From: Borislav Petkov <bp@amd64.org>
To: "H. Peter Anvin" <hpa@zytor.com>
Cc: Joerg Roedel <joro@8bytes.org>,
"Roedel, Joerg" <Joerg.Roedel@amd.com>,
"mingo@elte.hu" <mingo@elte.hu>,
"tglx@linutronix.de" <tglx@linutronix.de>,
"Herrmann3, Andreas" <Andreas.Herrmann3@amd.com>,
"Seidel, Conny" <Conny.Seidel@amd.com>,
"Sarathy, Bhavna" <Bhavna.Sarathy@amd.com>,
"greg@kroah.com" <greg@kroah.com>,
"x86@kernel.org" <x86@kernel.org>,
"linux-kernel@vger.kernel.org" <linux-kernel@vger.kernel.org>
Subject: Re: [PATCH 1/2] x86-32: Fix crashes with CPU hotplug on AMD machines
Date: Thu, 12 Aug 2010 19:38:12 +0200 [thread overview]

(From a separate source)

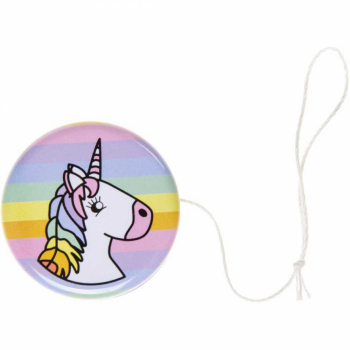 Jucarie educativa Yo-Yo metalic Model Unicorn Curcubeu Multicolor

Message-ID: <20100812173812.GA4127@aftab> (raw)
In-Reply-To: <4C6417AB.1050105@zytor.com>
From: "H. Peter Anvin" <hpa@zytor.com>
Date: Thu, Aug 12, 2010 at 11:47:55AM -0400
> On 08/12/2010 08:47 AM, Borislav Petkov wrote:
> >>
> >> Agreed. I do have a concern about the kernel page tables not being
> >> synchronized into trampoline_pg_dir (it's only an issue for 32-bit
> >> !PAE), so at the very least we need to keep an eye out for it...
> >
> > I've been working on what you suggested and the patch boots on a 32-bit
> > PAE kernel but keeps rebooting on non-PAE after setting the stack_start
> > on the AP. I could send it out later for you to look at, if you like -
> > you should be able to spot what I'm missing :)...
> >
>
> Sounds good. This is obviously .37-or-higher material.
Definitely, this needs a lot of hammering before going upstream.
So here's what I got so far, I went and changed everything called
swapper_* when used to prep the initial page table to initial_*. Then
in setup_arch I switch to the swapper_pg_dir after copying the kernel
address mappings into it so all other places touching swapper_pg_dir can
remain unchanged. Then, initial_page_table is still used for booting the
APs.
The nice effect is that we drop all that swsusp_pg_dir for ACPI_SLEEP
and unifying the do_boot_cpu() part of start_secondary() even more.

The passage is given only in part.